**REQUIRED WORK:** From the first line of the entries down to the line with "iPhone 17 pro", write out every line exactly; that last line counts, but pictures do not.

**SUPPLIED MATERIAL:**
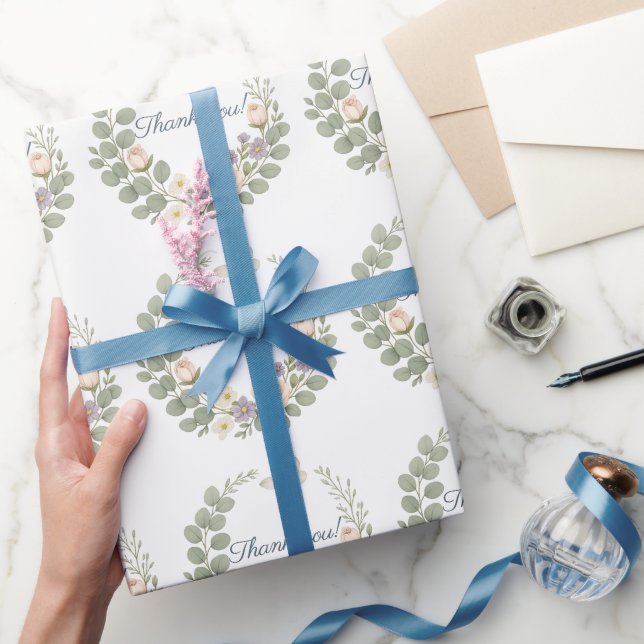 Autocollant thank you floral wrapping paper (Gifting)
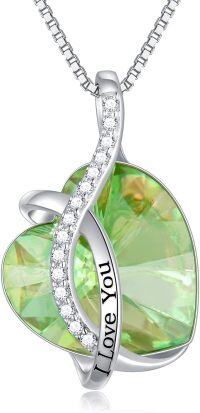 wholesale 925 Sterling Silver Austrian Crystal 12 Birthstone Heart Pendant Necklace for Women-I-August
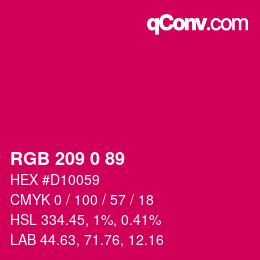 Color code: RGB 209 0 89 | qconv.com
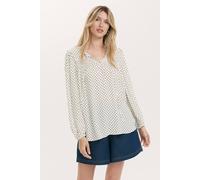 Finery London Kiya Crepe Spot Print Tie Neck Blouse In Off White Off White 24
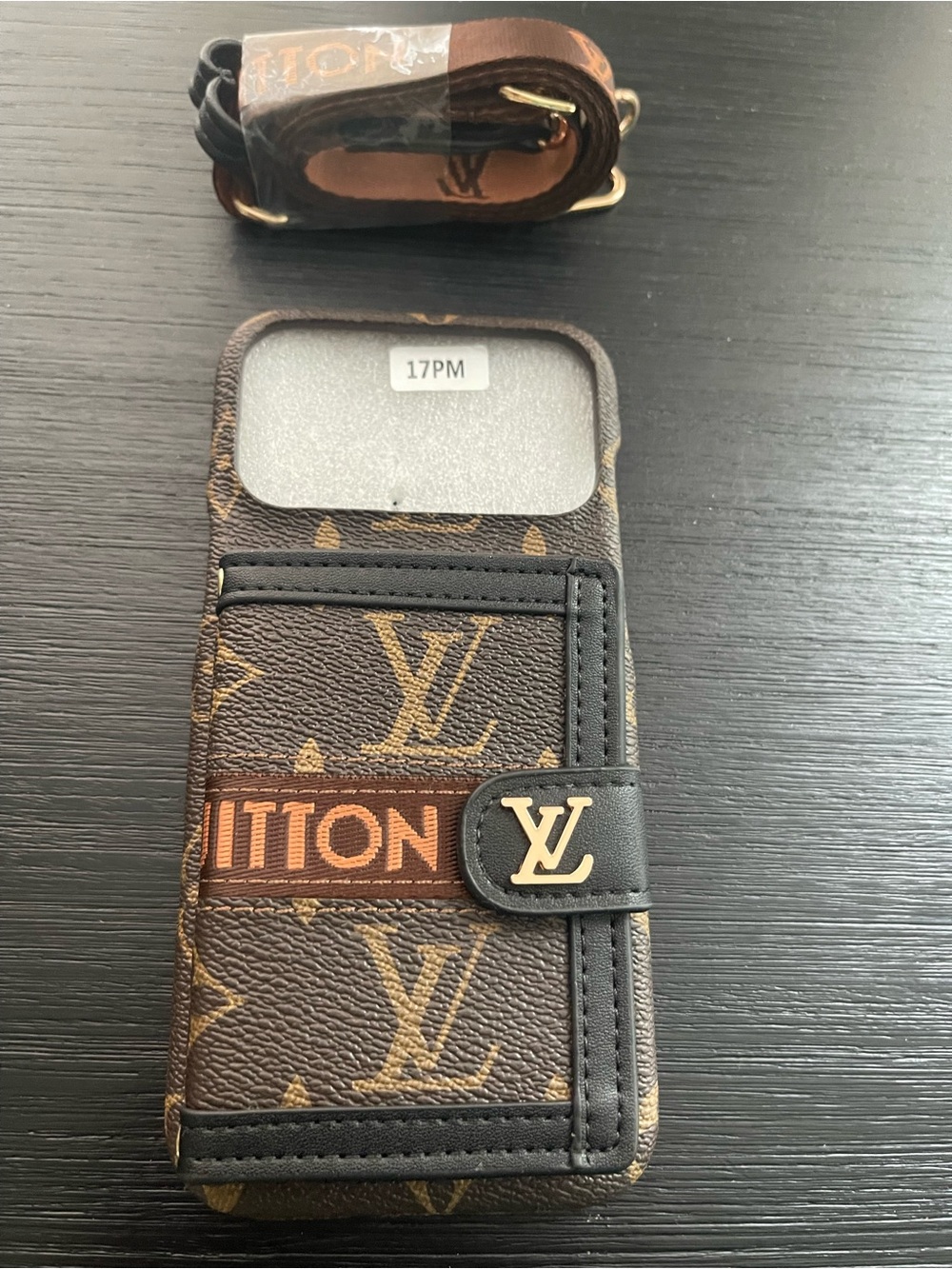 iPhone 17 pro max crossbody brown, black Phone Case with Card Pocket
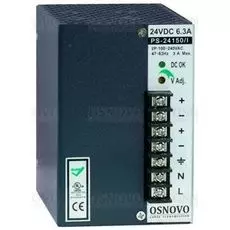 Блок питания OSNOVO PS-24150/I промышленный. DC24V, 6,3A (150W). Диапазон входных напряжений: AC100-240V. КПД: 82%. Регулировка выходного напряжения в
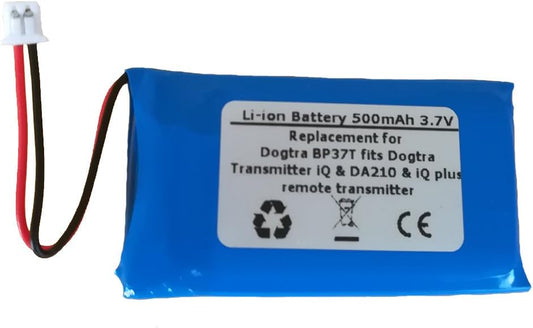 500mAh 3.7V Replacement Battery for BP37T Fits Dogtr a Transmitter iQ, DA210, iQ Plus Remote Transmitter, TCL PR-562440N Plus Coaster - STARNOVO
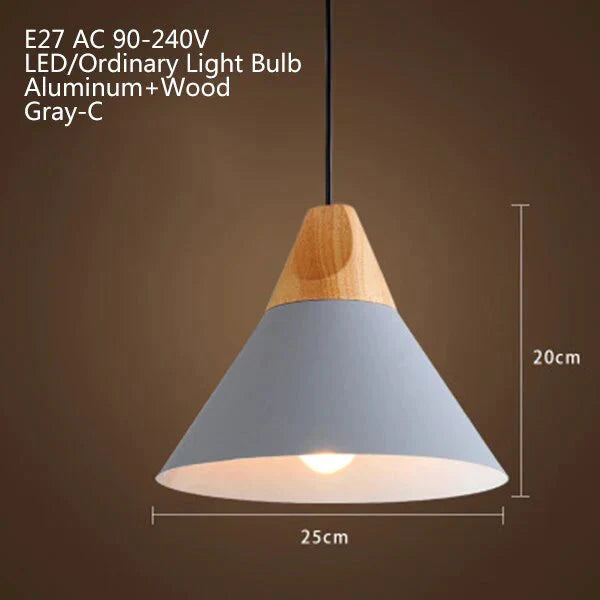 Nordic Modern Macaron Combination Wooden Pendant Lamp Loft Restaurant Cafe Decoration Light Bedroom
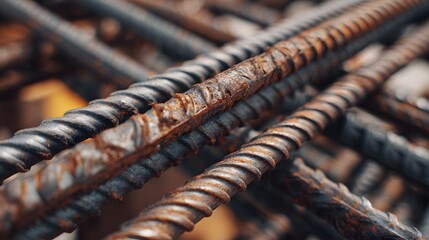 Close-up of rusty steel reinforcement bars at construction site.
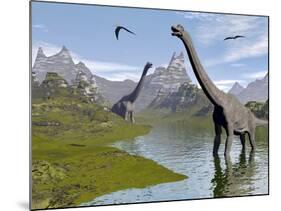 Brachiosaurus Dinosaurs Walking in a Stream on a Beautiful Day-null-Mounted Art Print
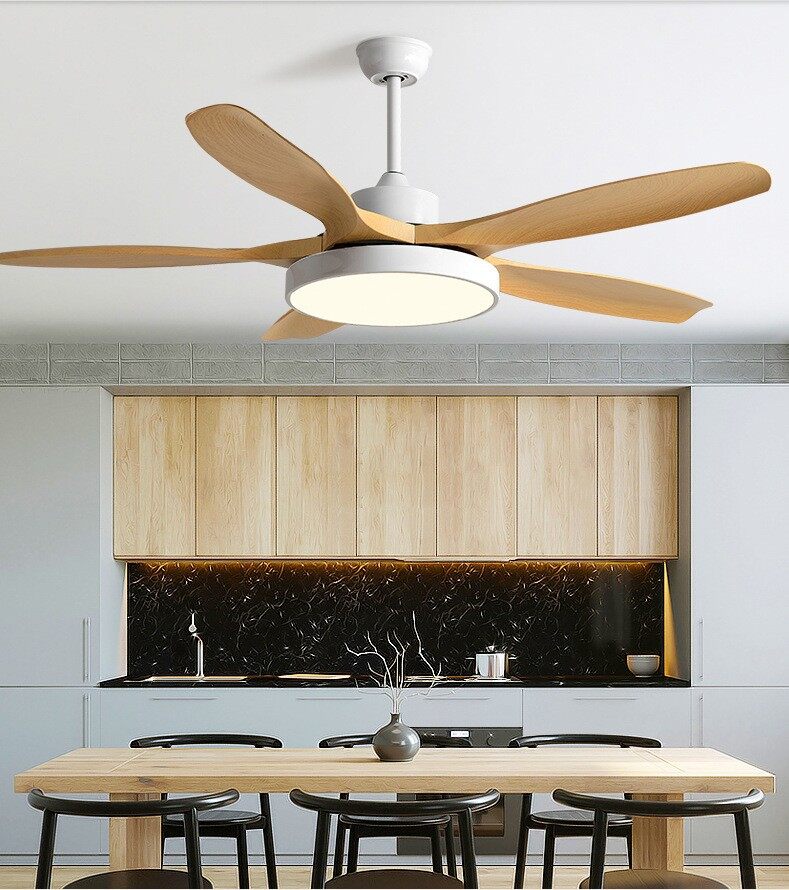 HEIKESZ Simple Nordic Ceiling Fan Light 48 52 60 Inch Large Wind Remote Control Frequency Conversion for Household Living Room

**ANSWER SECTION:**
 Autocollant thank you floral wrapping paper (Gifting)
 wholesale 925 Sterling Silver Austrian Crystal 12 Birthstone Heart Pendant Necklace for Women-I-August
 Color code: RGB 209 0 89 | qconv.com
 Finery London Kiya Crepe Spot Print Tie Neck Blouse In Off White Off White 24
 iPhone 17 pro max crossbody brown, black Phone Case with Card Pocket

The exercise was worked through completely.